• **Exercise brief**
All of the listing is to be written out word for word, with the pictures left out.

• **Information provided**
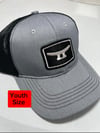 YOUTH ! Heather/ Black W/ Black Embroidery Patch Port Authority Trucker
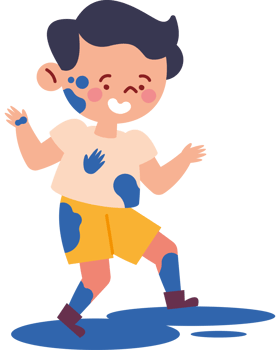 happy boy with traces of paint on clothes png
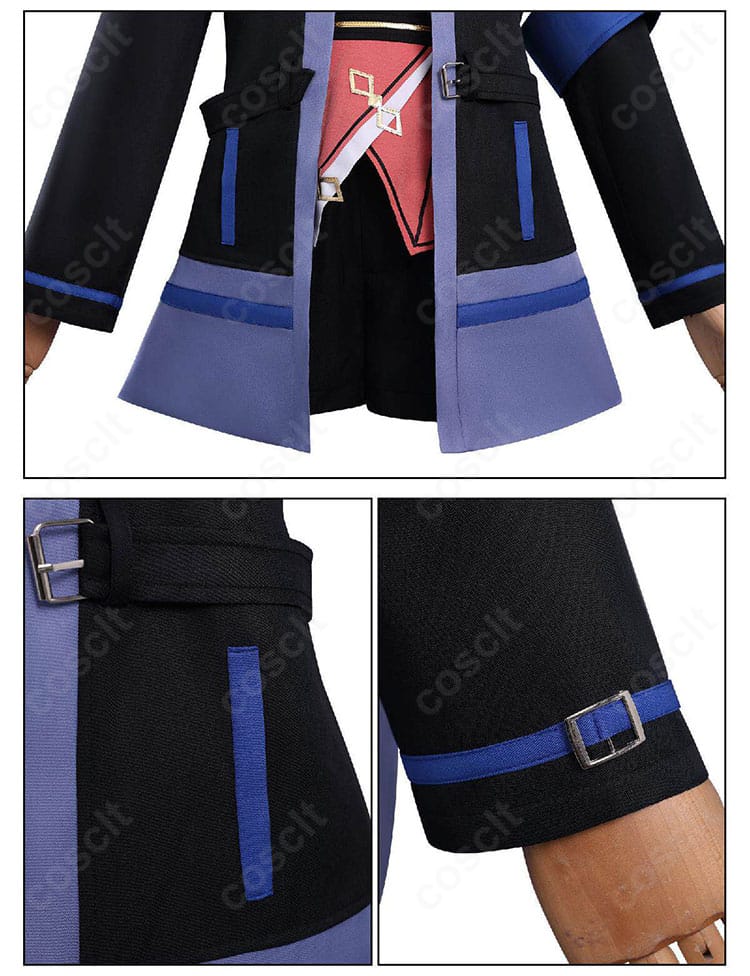 袖口の装飾とカフス形状、縫製の拡大写真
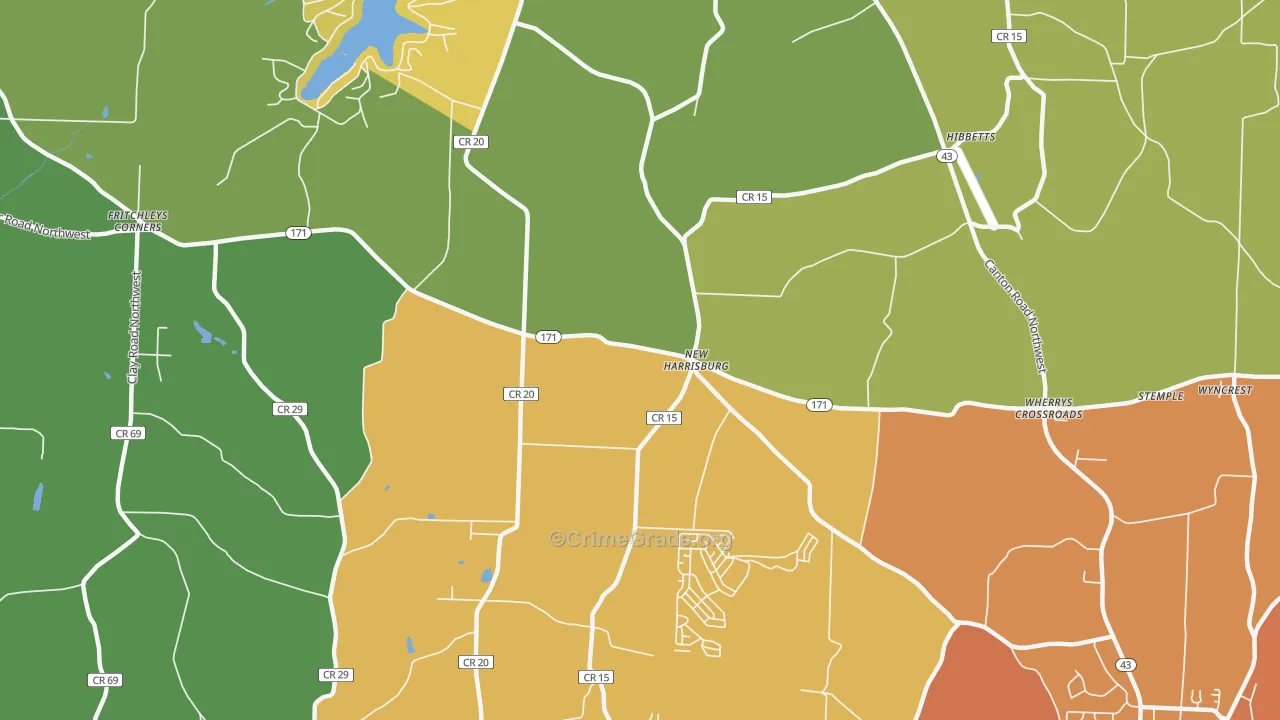New Harrisburg, OH Map of Arson Rates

• **Result for this task**
 YOUTH ! Heather/ Black W/ Black Embroidery Patch Port Authority Trucker
 happy boy with traces of paint on clothes png
 袖口の装飾とカフス形状、縫製の拡大写真
New Harrisburg, OH Map of Arson Rates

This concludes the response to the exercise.